In its latest quarterly review, though, it reached out to an area of technology that has so far been reserved for financial technologists and speculators pushing libertarian philosophies. The bank’s paper on cryptocurrencies is a great explainer on how cryptocurrencies intersect with central banks, a topic that’s gaining currency as institutions from the Bank of England to the Monetary Authority of Singapore try to digitize cash using blockchain technology.

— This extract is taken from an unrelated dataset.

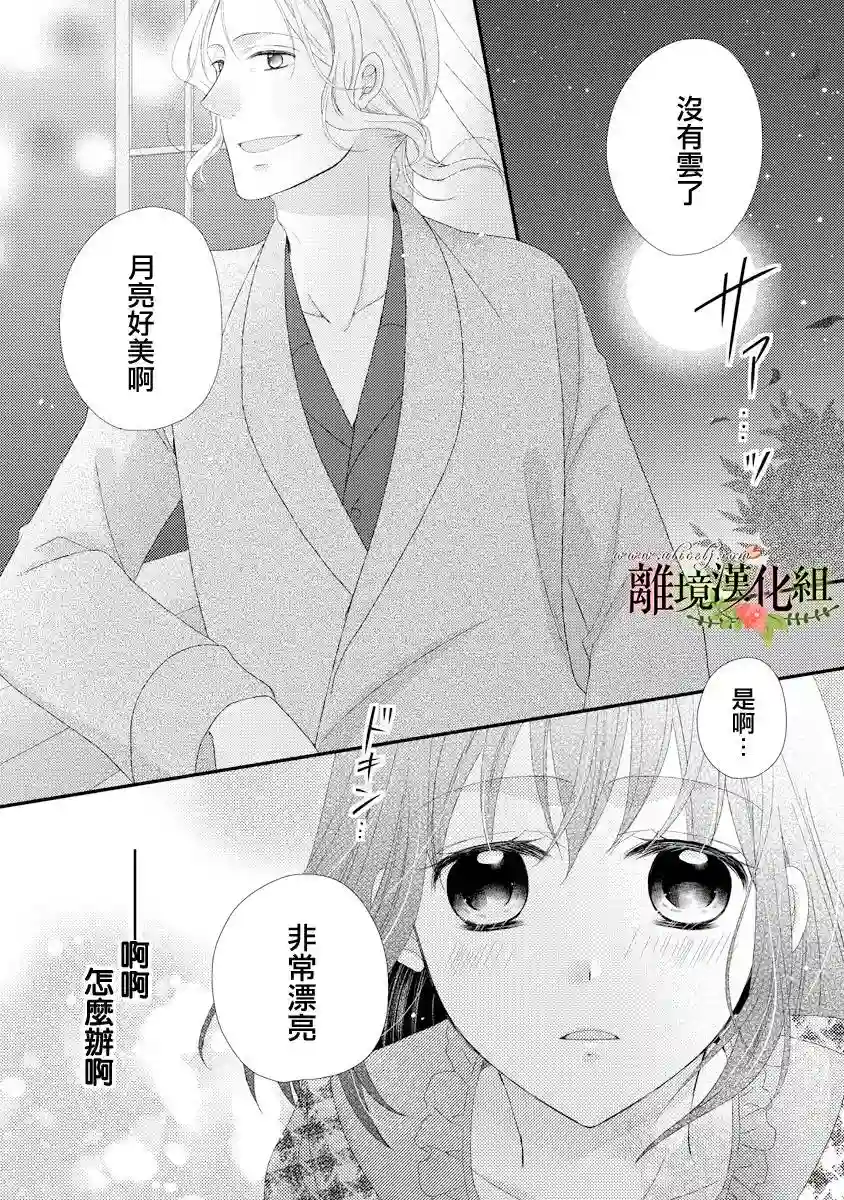 侯爵叔叔到了恋爱的年龄第17话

The BIS paper lays out the two main uses for a central bank-issued cryptocurrency: It could be a type of decentralized digital cash for consumers; or a tool to streamline settlements of transactions between financial institutions. The authors, Morten Linnemann Bech, from the bank’s committee on payments and market infrastructures, and Rodney Garratt, a professor of economics at the University of California, Santa Barbara, use a “money flower” schematic to disentangle the myriad terms that people throw around when they talk about digital currencies and payments.

The past, present, and future of money.
The past, present, and future of money.
Image: Bank for International Settlements

The BIS paper shows that a central bank-issued cryptocurrency could well be a way to digitize cash, while crucially preserving the privacy of users, which cash already does. If central banks issue digital cash this way, it would cut out commercial banks, who are currently intermediaries for consumers to obtain central bank-issued money.

This “retail” use of a central bank digital currency is particularly pressing in countries with rapidly falling cash usage, such as Sweden, the authors say. Central banks also have good reason to use a digital currency in the wonkier, “wholesale” context, where it’s used exclusively by other banks. This would upgrade payment systems that will soon be obsolete, and which depend on database designs that are “no longer fit for purpose,” the authors write.

In any case, central banks must reckon with digital currencies: ”All central banks may eventually have to decide whether issuing retail or wholesale [digital currencies] makes sense in their own context,” the authors write.